Sebi’s decisions will improve investor confidence
The Securities and Exchange Board of India (Sebi) has made a number of changes to the primary market processes and to the regulations for preferential allotment. These changes broadly serve the purpose of transparency, and could reduce price volatility in newly listed issues. In addition, the regulator has introduced a new provision wherein the reappointment of directors (including managing directors), who fail to get elected, can now only be made with the prior approval of shareholders. One of the key changes in the primary market rules for capital issues is that firms launching an initial public offer (IPO) must either cap the percentage of funds allocated to the acquisition of unspecified businesses, or state specific targets in the prospectus. The lock-in period for promoters in preferential allotments has been reduced, but more disclosures must be made.

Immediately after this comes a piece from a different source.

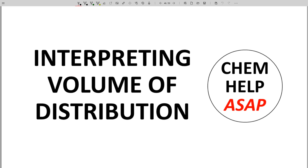Good day to you from Chem Help ASAP. Volume of distribution can be a confusing concept and difficult to interpret. Let's take a closer look at it.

The Sebi board has recommended several changes in the context of IPOs. There should be a cap of 35 per cent of the total issue size on the combination of allocation to future inorganic growth and “general corporate purposes”. This cap does not apply if the prospectus identifies specific acquisition targets. The cap on allocation of funds for unidentified acquisitions only is set at 25 per cent of the issue size. This may hamper new age businesses, which use merger and acquisition strategies to foster quick inorganic growth. But it offers shareholders more clarity about strategy. Sebi has also mandated that a credit rating agency must monitor the use of IPO funds until 100 per cent of such funds are deployed. In an offer for sale (OFS), majority shareholders (defined as holding at least 20 per cent of the pre-issue stake) can only sell up to 50 per cent of the stake. Anchor investors can sell 50 per cent of their stake under the current lock-in period of 30 days and the remaining 50 per cent only 90 days after the IPO has closed. There will be a price floor set at a minimum of 105 per cent of the lower end of the IPO price band. This is applicable from April 1, 2022.
Investors with less than a 20 per cent pre-IPO stake can sell a maximum of half of their holdings in an OFS. This should reduce the trend where anchor investors have rapidly divested holdings in an OFS. It should also reduce price volatility immediately after listing. The regulator’s view seems to be that this will give other investors more confidence by ensuring anchor investors retain skin in the game. It’s hard to judge if it will inhibit venture capital and private equity players until this new regulation comes into practice. In preferential allotments, valuation reports will be mandatory if 5 per cent of fully diluted share capital is allotted to any one entity, and if there is change in control, independent directors must provide reasoned recommendations. The lock-in for preferential allotment up to 20 per cent of capital is reduced to 18 months from the current three years. For allotment of above 20 per cent, the lock-in period is reduced from one year to six months. Promoters may pledge shares for loans only if a pledge is a specified clause for loan sanction. Such a loan should also be approved by the issuer for achieving the objects mentioned in the preferential issue. Share swaps will be allowed if there is a valuation report. All these changes should lead to faster turnaround in capital, while fostering more disclosure at the same time.